STORED DATA Start Marker

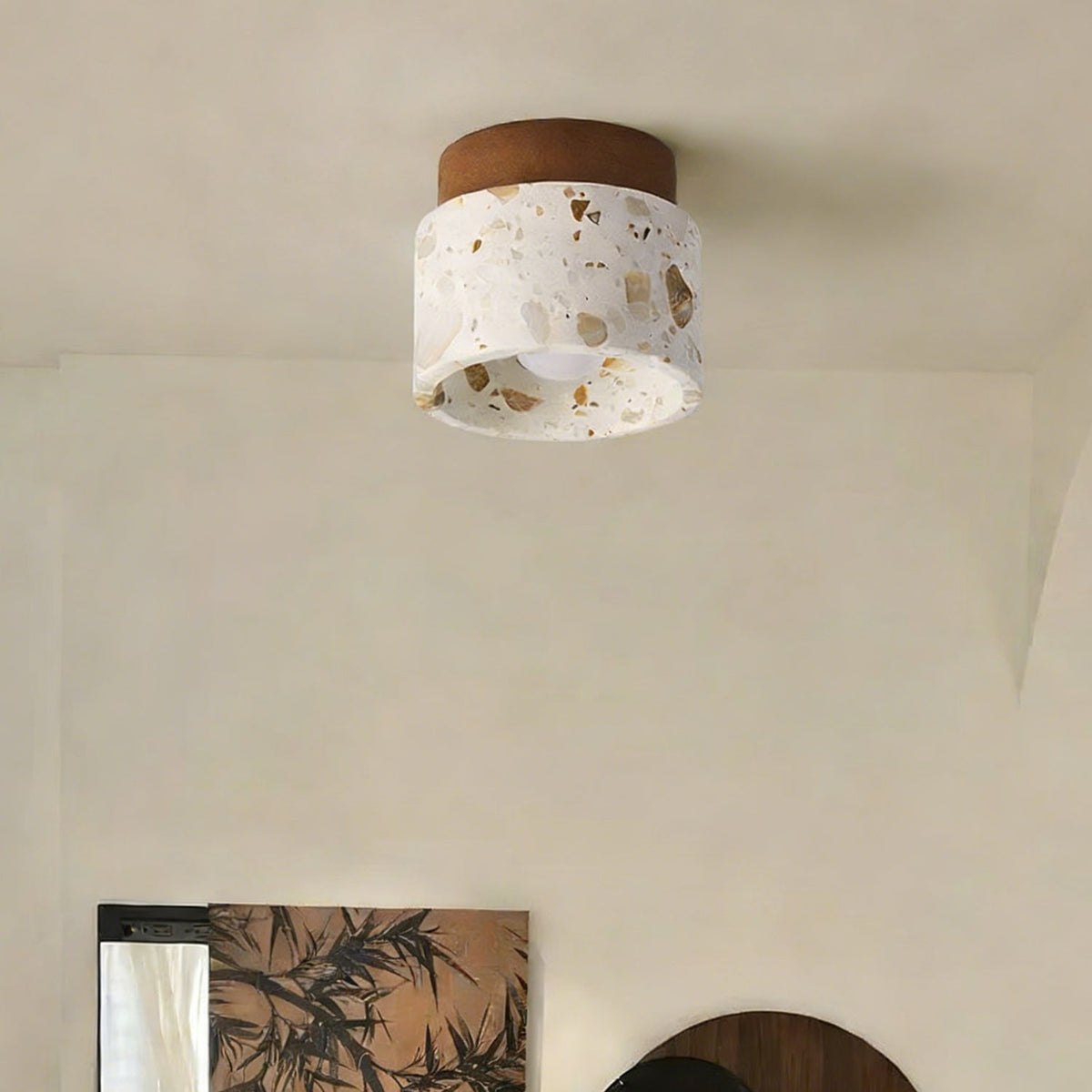 Unlit Clérachic terrazzo ceiling light with a walnut canopy, set in a calm cream room with a leafy print on the wall below.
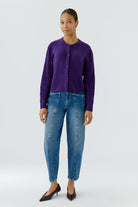 Oui purple soft knit cardigan styled with blue jeans
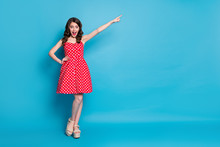 Full Length Photo Of Attractive Lady Hold Arm Direct Finger Far Away Traveler Showing Way Excited Mood Wear Red White Dotted Retro Dress Summer Open Toe Shoes Isolated Blue Color Background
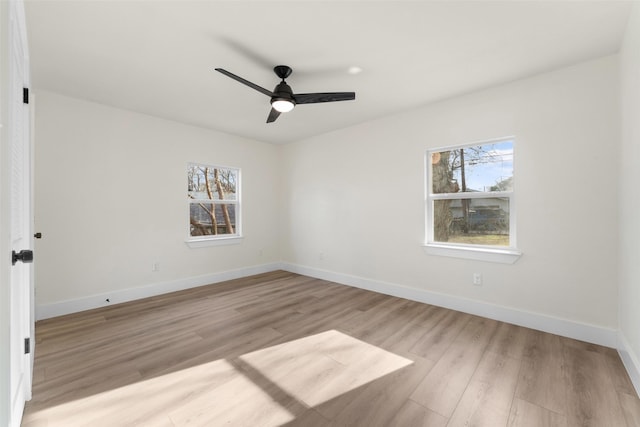 spare room with ceiling fan and light hardwood / wood-style floors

STORED DATA End Marker

Print only the lines from the one with "Full Length Photo" through the last line of the data above, exactly and with both ends, and please omit any pictures.

 Full Length Photo Of Attractive Lady Hold Arm Direct Finger Far Away Traveler Showing Way Excited Mood Wear Red White Dotted Retro Dress Summer Open Toe Shoes Isolated Blue Color Background
 spare room with ceiling fan and light hardwood / wood-style floors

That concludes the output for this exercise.